源次郎は手持ちが無いからと竹刀で相手をし、早々に負けて切り上げるつもりだったのだろう。しかし、佐太郎が木刀を渡したのでそれも出来なくなってしまったのだ。
こうなったら、引くに引けない。源次郎は兄と真剣に勝負しなければならなくなった。源次郎も直新陰流の牧野道場門下の中で三本の指に入るだろうと言われる使い手。
竹刀や防具を使った新しい剣術修行のやり方で流行り、門下生が百人近い道場での三番であるから、源次郎は並みの使い手ではない。俊敏な足さばきを得意としながらも重い斬撃を繰り出す源次郎の剣は侮りがたいと評判だ。
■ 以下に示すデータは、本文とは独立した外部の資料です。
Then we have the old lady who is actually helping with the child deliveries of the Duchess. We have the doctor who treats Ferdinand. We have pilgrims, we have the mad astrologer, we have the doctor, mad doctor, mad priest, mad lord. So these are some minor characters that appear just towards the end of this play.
新之丞は腰を落とした香取神道流の独特の構え、源次郎は正眼の構えだ。両者は睨み合い、ジリジリと間合いを詰めた。
源次郎が先に動いた。鋭い突きを繰り出す。新之丞はそれをかわし、激しい斬撃を新之丞に浴びせた。源次郎はそれを木刀で受ける。僅かに木刀を斜めにずらし、斬撃の衝撃を受け流した。木刀が折れるのを防いだのだ。
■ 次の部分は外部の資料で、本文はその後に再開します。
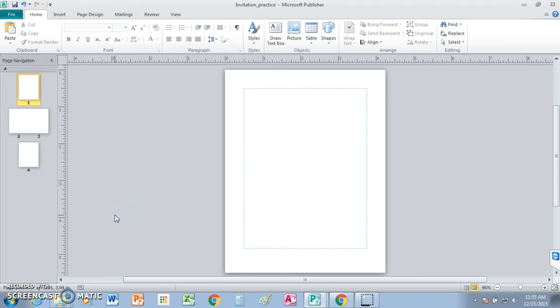All right, in today's lesson you're going to create an invitation for the 8th grade graduation, which will take place in June. It seems like it's a long way off, but it'll be here before you know it.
その後、新之丞は合わせた木刀をそのまま素早く滑らし、源次郎の喉元に刀を突きつける。その意図に気が付いた源次郎がそれを弾き返す。
源次郎の剣は風に揺れる柳のように軽やかでありながら、研ぎ澄ました刀のように鋭い。一方、新之丞の剣はそびえ立つ城郭のように堅牢で、隙が全くない。結局、二人の立ち合いは決着が着かず、二人とも息が上がった所で佐太郎が水を持ってきた。
「お水をお持ちいたしました」
佐太郎の声が合図となり、二人は剣を引いた。濡れた手ぬぐいで二人は汗を拭う。清三郎もホッと息を吐いた。